Task requirements: Your answer should hold exactly the lines below from the line with "Cover Image for" through the line with "Youtube Studio Audio", both included, and no pictures at all.

Data to examine:
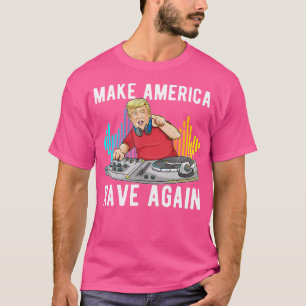 おもしろいEdm Trump Make America Rave Again Dj Trump B Tシャツ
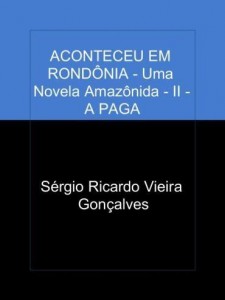 Baixar ACONTECEU EM RONDÔNIA – Uma Novela Amazônida – II – A PAGA pdf, epub, eBook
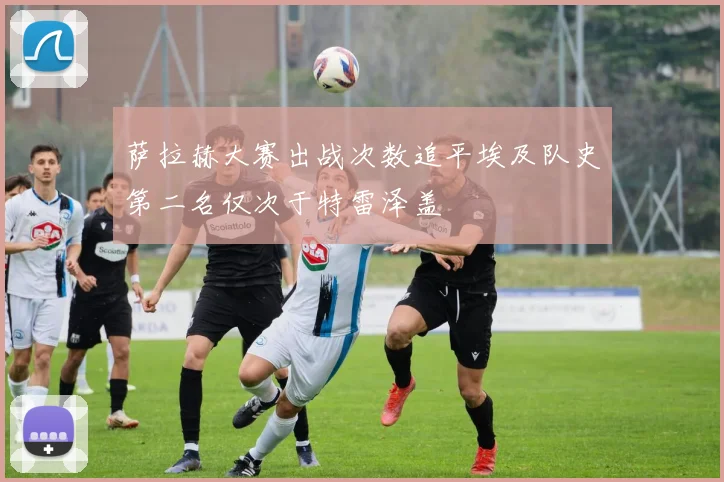 萨拉赫大赛出战次数追平埃及队史第二名仅次于特雷泽盖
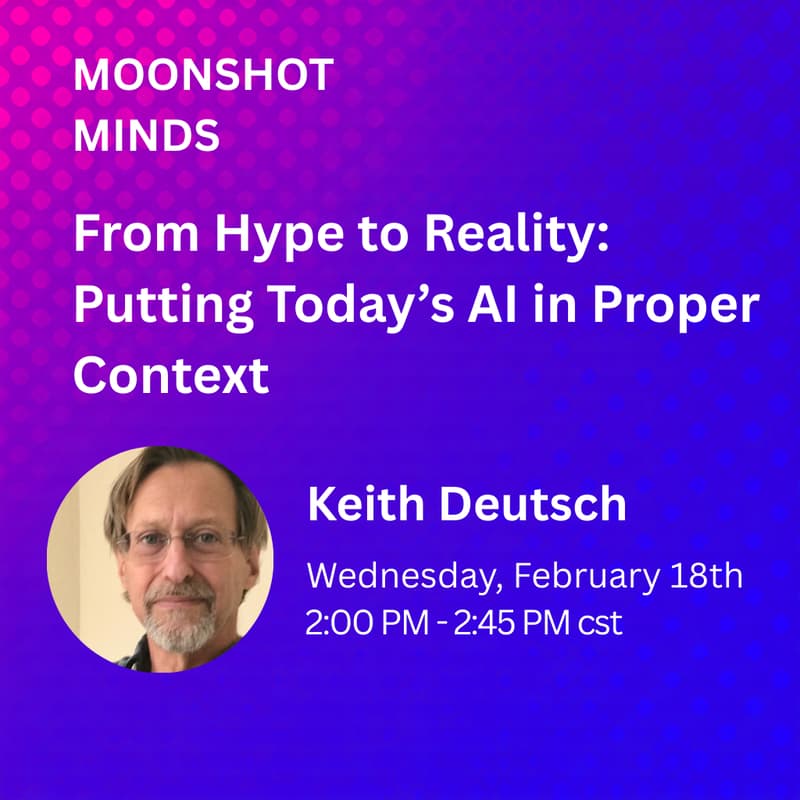 Cover Image for From Hype to Reality: Putting Today’s AI in Proper Context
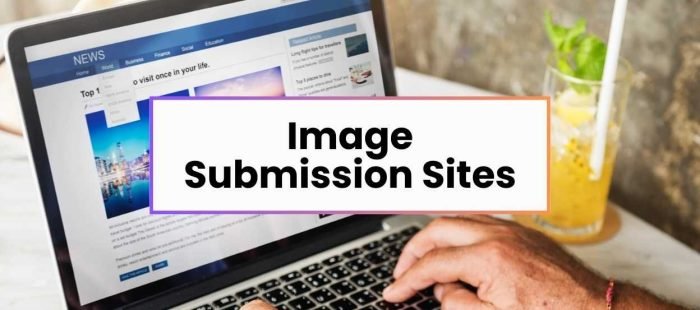 Image Submission Sites – Best Places to Boost Your Visual Reach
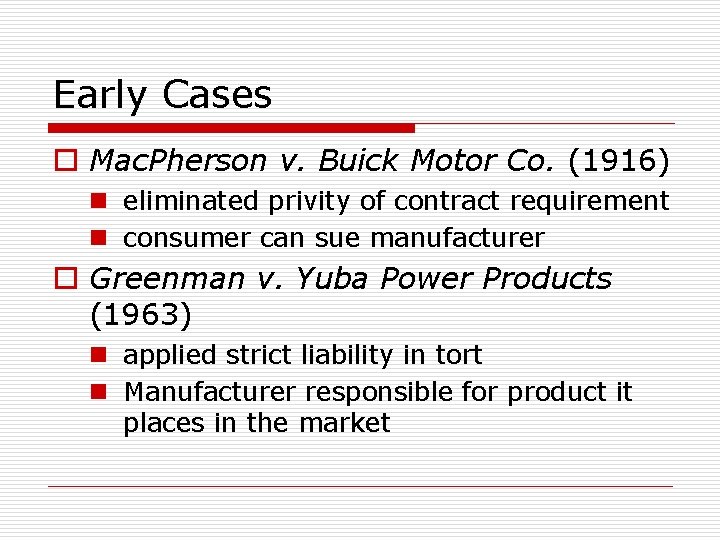 Early Cases o Mac. Pherson v. Buick Motor Co. (1916) n eliminated privity of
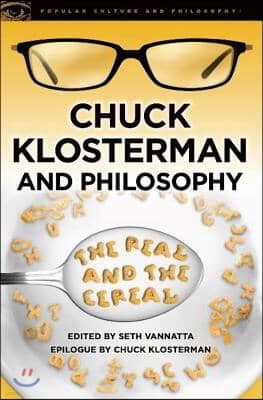 Chuck Klosterman and Philosophy: The Real and the Cereal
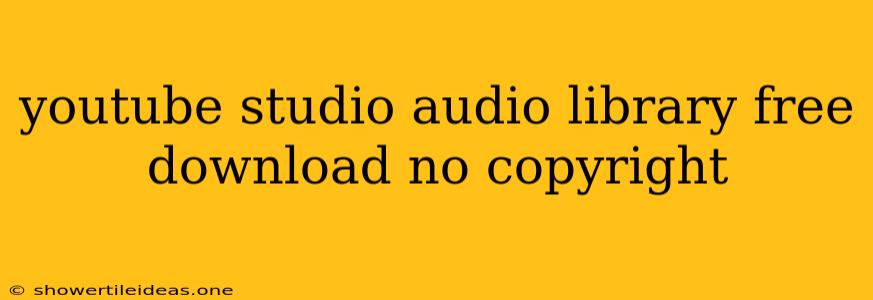 Youtube Studio Audio Library Free Download No Copyright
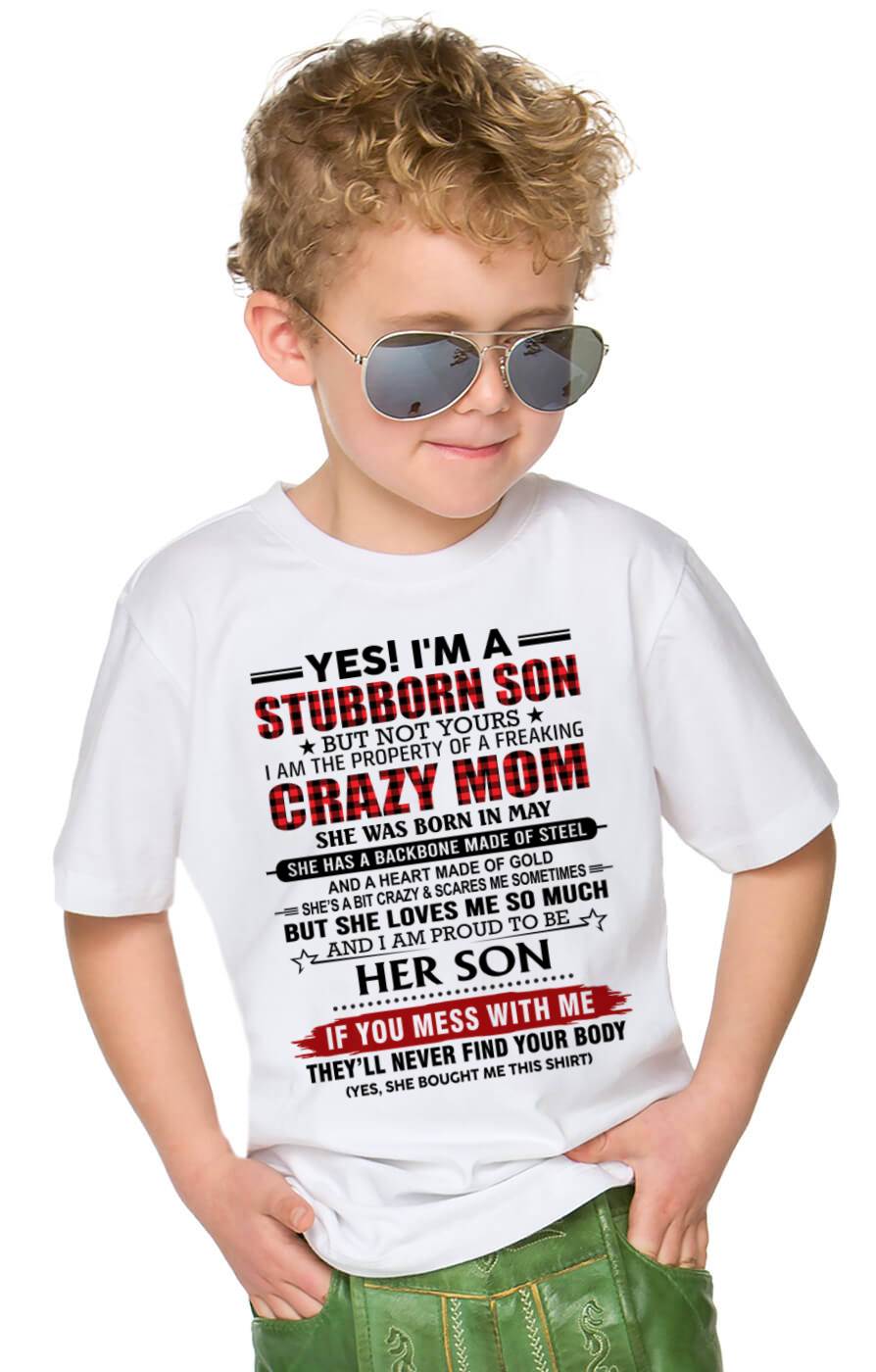 MAY - YES! I'M A STUBBORN SON BUT NOT YOURS I AM THE PROPERTY OF A FREAKING CRAZY MOM - FROM MOM - TLEE05 (SKU26T-01111-05)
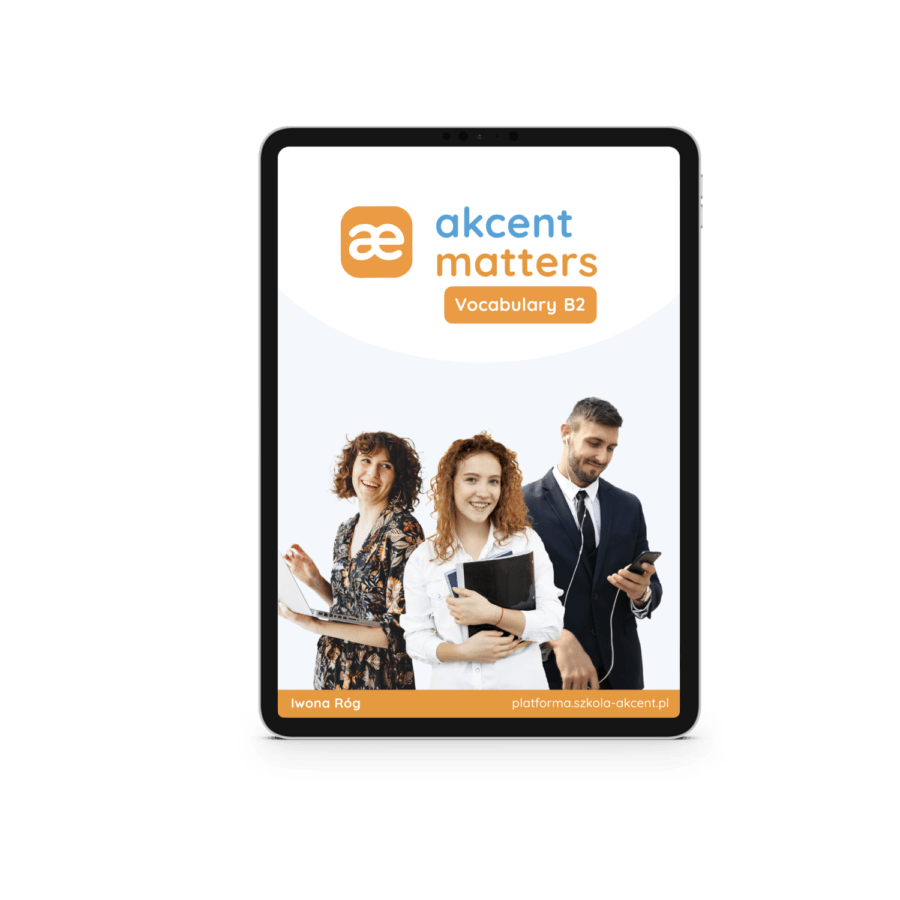 AKCENT MATTERS B2 – Vocabulary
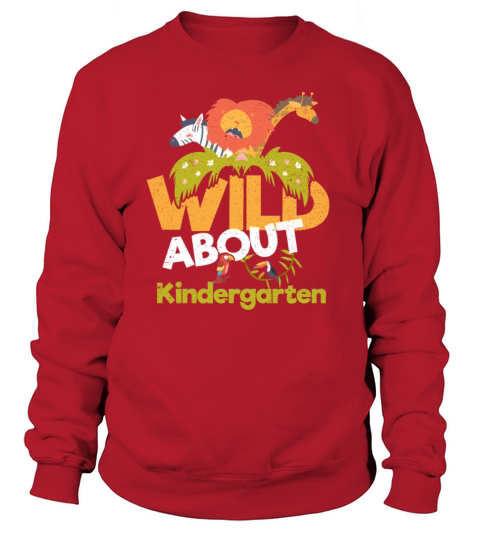 Wild About Kindergarten Kinder School Student Women's Sweatshirt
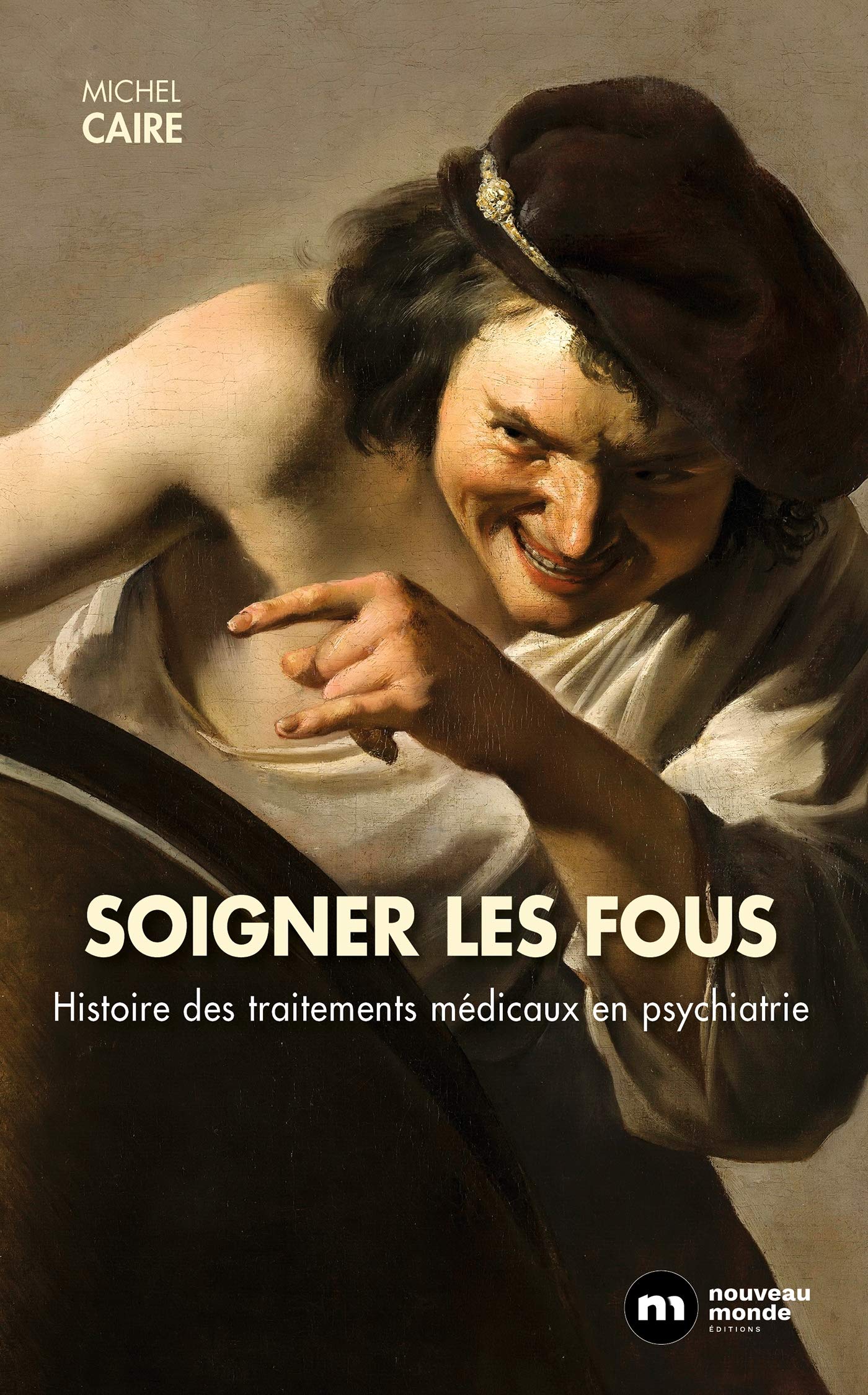 Soigner les fous: Histoire des traitements médicaux psychiatrie book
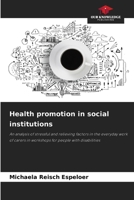 Health promotion in social institutions 6209708463 Book Cover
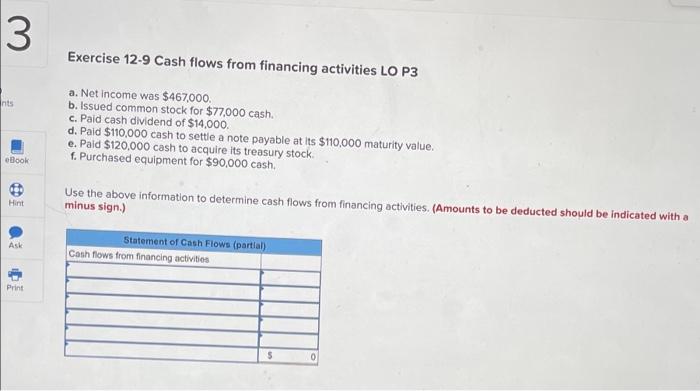  3 Exercise 12-9 Cash flows from financing activities LO P3 nts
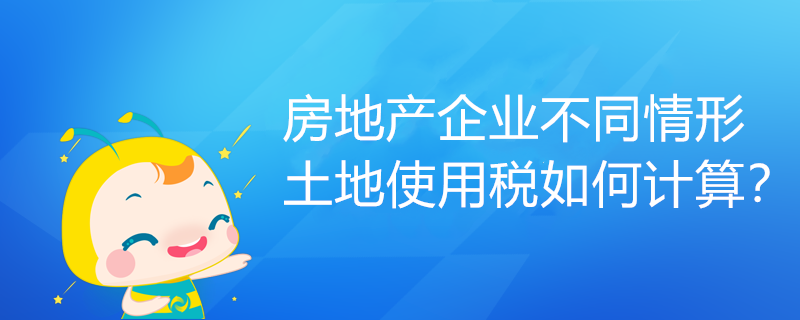 房地產企業(yè)不同情形土地使用稅如何計算？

Task response:
 Cover Image for From Hype to Reality: Putting Today’s AI in Proper Context
 Image Submission Sites – Best Places to Boost Your Visual Reach
 Early Cases o Mac. Pherson v. Buick Motor Co. (1916) n eliminated privity of
 Chuck Klosterman and Philosophy: The Real and the Cereal
 Youtube Studio Audio Library Free Download No Copyright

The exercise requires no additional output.